The NCC 309 may then establish connection with the virtual device 320 or 330, and allow the host system 301 to communicate with the virtual device as if the virtual device was a local device. However, as opposed to local termination of an I/O connection, the NCC 309 may packetize data from the host system 301 for transport over the network 306. Consequently, there may be a peer remote system 310 in the same network 306 that may be capable of communicating with the NCC 309, and eventually execute the I/O transactions issued to the virtual devices 320 and/or 330. The remote system 310 may implement a scheme to emulate the virtual devices 320 and/or 330 or may actually bridge the transported data to the virtual devices 320 and/or 330 physically connected to the remote system 310. Accordingly, an I/O device or controller may be virtualized, and then communication between the I/O device and the host system 301 may be re-directed over the network 306.

FIG. 4 is a block diagram of an exemplary network controller chip that supports virtual I/O redirection, in accordance with an embodiment of the invention. Referring to FIG. 4, there is shown the NCC 400, which may be similar to the NCC 309 described with respect to FIG. 3. The NCC 400 may comprise, for example, a PCI/PCIe interface 410, a LAN controller 412, a virtual device controller 414, and a network interface 416.
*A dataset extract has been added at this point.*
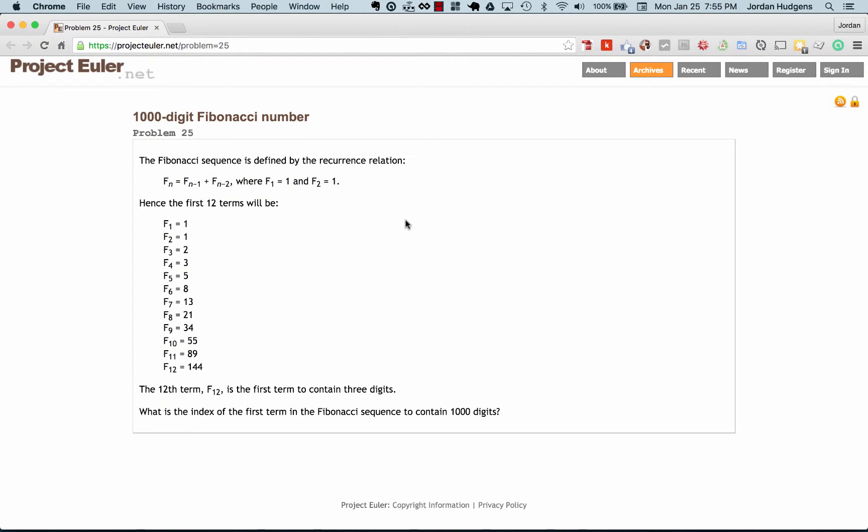We have a really fun problem in this program and we're going to be able to solve it in a pretty small amount of time even though it seems pretty complex. Problem 25 from Project Euler asks for the thousand-digit Fibonacci number.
The PCI/PCIe interface 410 may comprise suitable logic, circuitry, and/or code that may be adapted to enable transfer of data between the NCC 400 and a host system, for example, the host system 301, via a PCI/PCIe bus. The PCI/PCIe interface 410 may also comprise a plurality of PCI/PCIe level functions 410a, 410b, 410c, and 410d. The various PCI/PCIe level functions 410a, 410b, 410c, and 410d may enable a single PCI/PCIe interface 410 to serve a plurality of devices on a single PCI/PCIe bus.
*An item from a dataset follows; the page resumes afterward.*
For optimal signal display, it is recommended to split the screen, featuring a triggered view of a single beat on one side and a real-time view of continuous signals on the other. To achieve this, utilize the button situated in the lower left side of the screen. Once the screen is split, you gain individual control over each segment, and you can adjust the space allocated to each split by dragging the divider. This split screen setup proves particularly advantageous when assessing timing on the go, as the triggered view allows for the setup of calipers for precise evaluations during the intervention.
For example, the PCI/PCIe level function 410a may enable normal network access functionality for the host system 301. The PCI/PCIe level function 410b may be used to access virtual UART devices, for example, and the PCI/PCIe level function 410c may be used to access virtual USB devices, for example. The PCI/PCIe level function 410d may generally support another communication interface than UART or USB to access virtual devices.

Accordingly, the PCI/PCIe level functions 410b and 410c may enable the host system 301 to access the virtual devices 320 and/or 330 as if they were local devices physically connected to the local system 300. The PCI/PCIe level function 410d may enable accessing other virtual devices that may be connected via another type of communication interface, such as, for example, advanced technology attachment packet interface (ATAPI).

The LAN controller 412 may comprise suitable logic, circuitry, and/or code that may be adapted to communicate data received via the PCI/PCIe level function 410a in the PCI/PCIe interface 410 to the network interface 416 for transmission onto a network. Similarly, the LAN controller 412 may be adapted to communicate data received via the network interface 416 to, for example, the CPU 305 and/or the memory block 303 in the host system 301 via the PCI/PCIe level function 410a in the PCI/PCIe interface 410. Accordingly, the host system 301 may implement a network protocol stack, which may be for example, a TCP/IP stack, to facilitate network traffic through the NCC 309.

The virtual device controller 414 may comprise suitable logic, circuitry, and/or code that may be adapted to communicate data received via the PCI/PCIe level functions 410b, 410c, and/or 410d in the PCI/PCIe interface 410 to the network interface 416 for transmission onto a network. Similarly, the virtual device controller 414 may be adapted to communicate data received via the network interface 416 to, for example, the CPU 305 and/or the memory block 303 in the host system 301 via the PCI/PCIe level functions 410b, virtual USB 410c, and/or 410d in the PCI/PCIe interface 410. Accordingly, the virtual device controller 414 may implement a network protocol stack, which may be for example, a TCP/IP stack. This instance of a network stack may be essentially independent of the network stack implemented by the host system. This network stack shall be private to the Virtual device controller 414.

In operation, each of the PCI/PCIe level functions 410b, 410c, 410d may be viewed as an independent, legacy-compliant, virtual I/O controller since the legacy devices are not present in the NCC 400. Each of the PCI/PCIe level functions 410b, 410c, 410d may feature an address space and may be associated with one or more PCI interrupts. Such an address space may comprise of several PCI standard defined registers and a set of device specific registers. Various embodiments of the invention may emulate a corresponding address map and interrupt map of industry standard devices for a corresponding PCI/PCIe level function of the NCC 400. Accordingly, a legacy software driver for an I/O device may not be able to distinguish between a legacy I/O controller device physically connected to a PCI/PCIe bus and the virtualized I/O controller offered as an extension of the NCC 400.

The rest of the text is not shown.